[MATERIAL FOR THIS TASK]

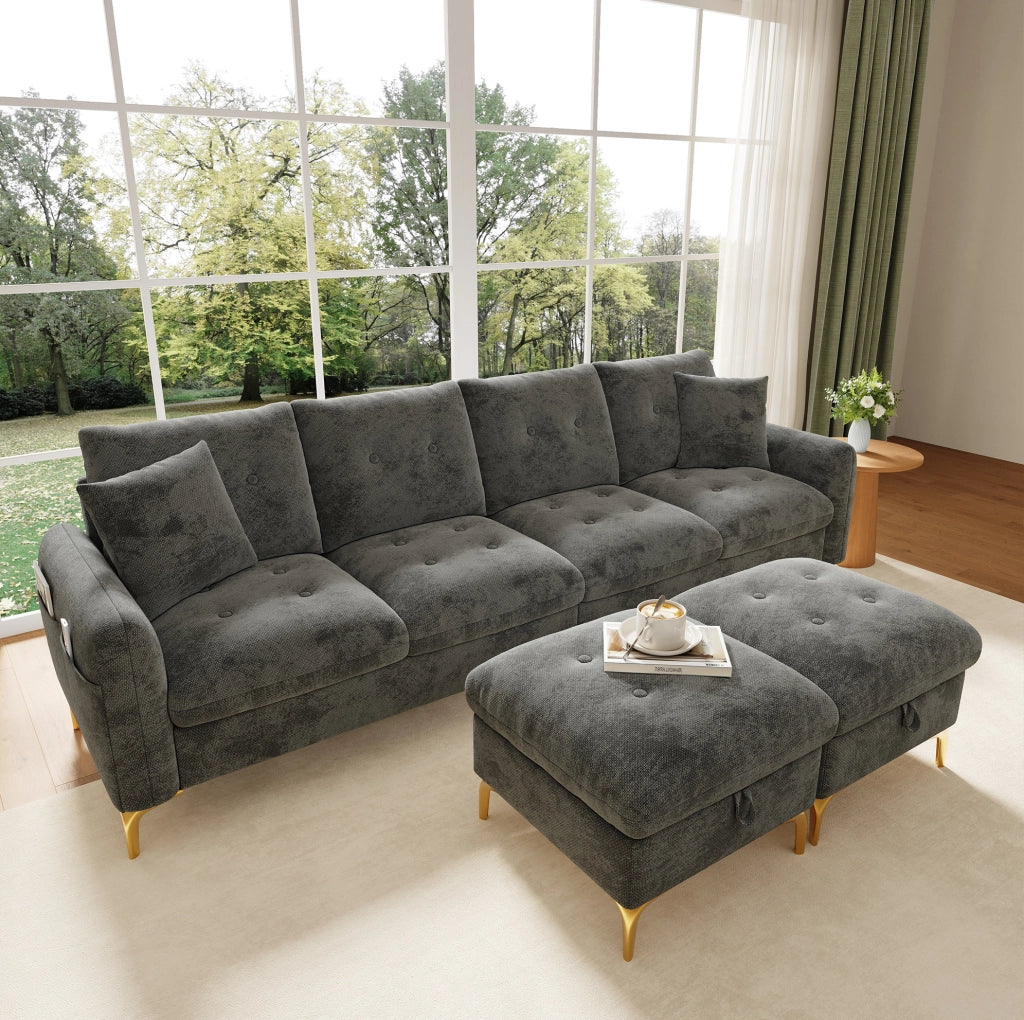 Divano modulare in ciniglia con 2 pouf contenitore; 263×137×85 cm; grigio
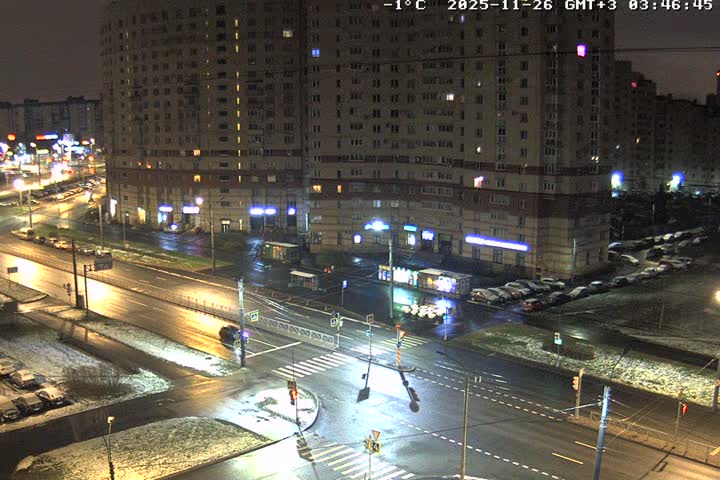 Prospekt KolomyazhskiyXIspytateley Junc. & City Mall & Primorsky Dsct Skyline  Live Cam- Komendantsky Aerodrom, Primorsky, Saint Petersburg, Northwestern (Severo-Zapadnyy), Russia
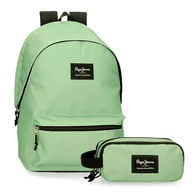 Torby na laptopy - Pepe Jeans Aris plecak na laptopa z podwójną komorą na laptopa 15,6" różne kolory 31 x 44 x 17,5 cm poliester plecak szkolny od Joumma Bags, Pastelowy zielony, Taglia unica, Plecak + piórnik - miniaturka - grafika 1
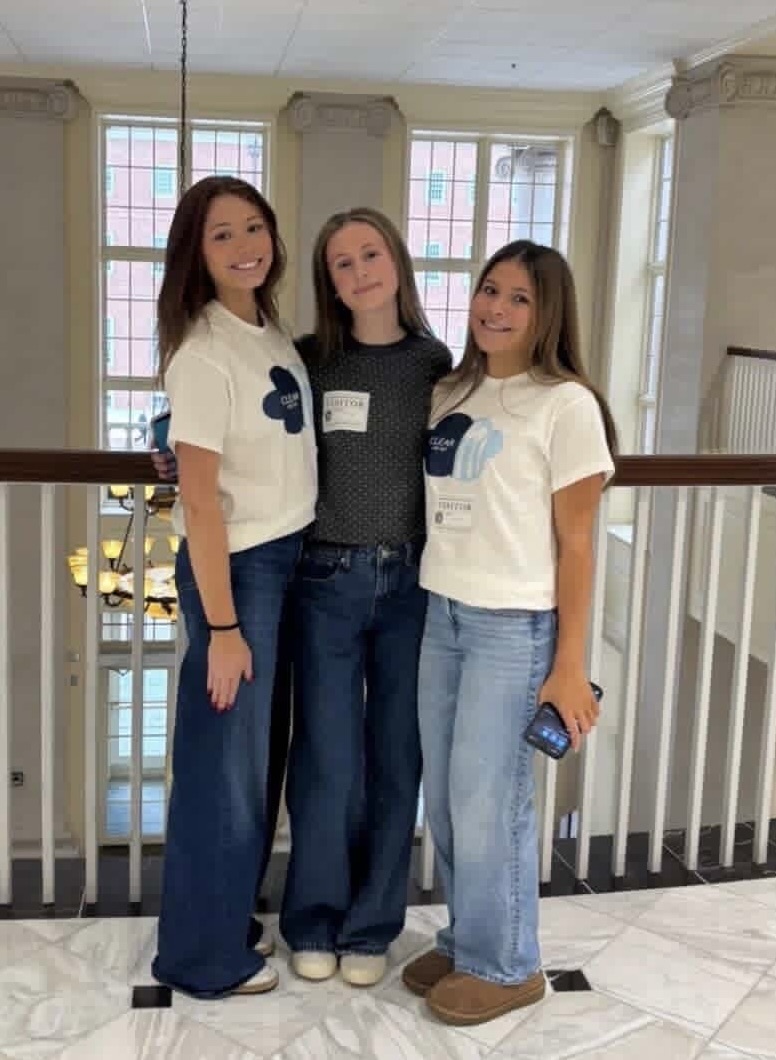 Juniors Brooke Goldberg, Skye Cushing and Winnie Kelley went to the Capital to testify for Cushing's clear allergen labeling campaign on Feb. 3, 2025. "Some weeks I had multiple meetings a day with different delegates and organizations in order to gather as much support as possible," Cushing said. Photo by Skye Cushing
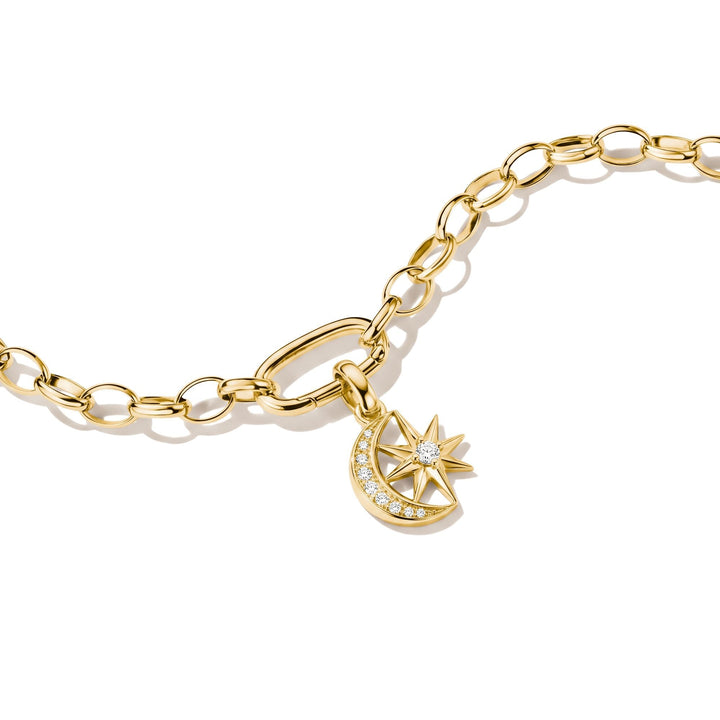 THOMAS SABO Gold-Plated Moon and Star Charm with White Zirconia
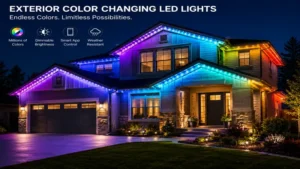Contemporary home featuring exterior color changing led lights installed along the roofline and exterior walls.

--

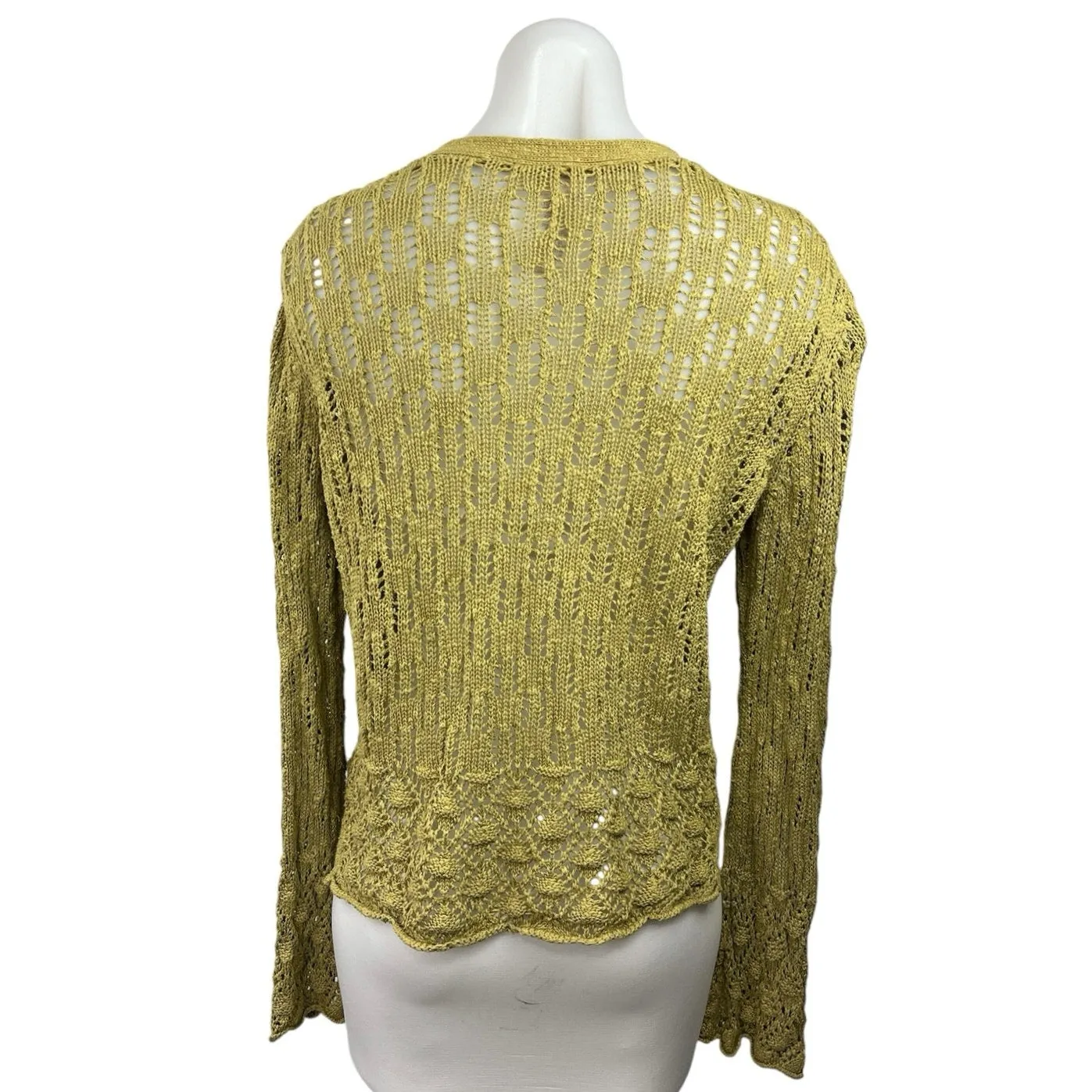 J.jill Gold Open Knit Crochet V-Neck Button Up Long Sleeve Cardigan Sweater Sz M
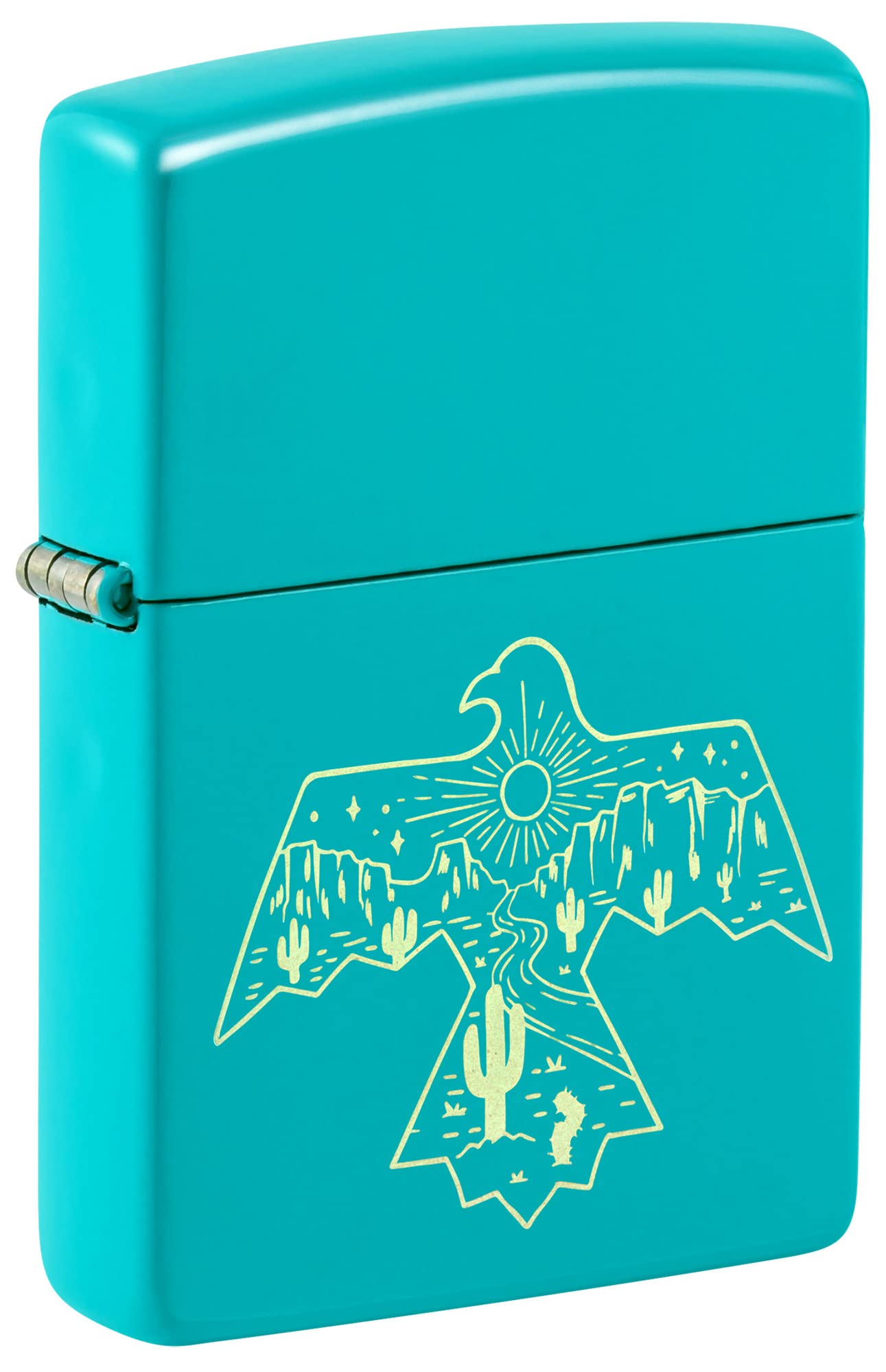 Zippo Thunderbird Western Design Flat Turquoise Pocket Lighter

---

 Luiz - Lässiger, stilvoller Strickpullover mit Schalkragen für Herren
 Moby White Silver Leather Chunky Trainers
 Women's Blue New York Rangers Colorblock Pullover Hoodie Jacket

[WHAT IS EXPECTED] The range runs from the line above containing "Moby White Silver Leather Chunky Trainers" to the line containing "Women's Blue New", inclusive. Restate those lines word for word and no others.

[RESULT OF THE EXERCISE]
 Moby White Silver Leather Chunky Trainers
 Women's Blue New York Rangers Colorblock Pullover Hoodie Jacket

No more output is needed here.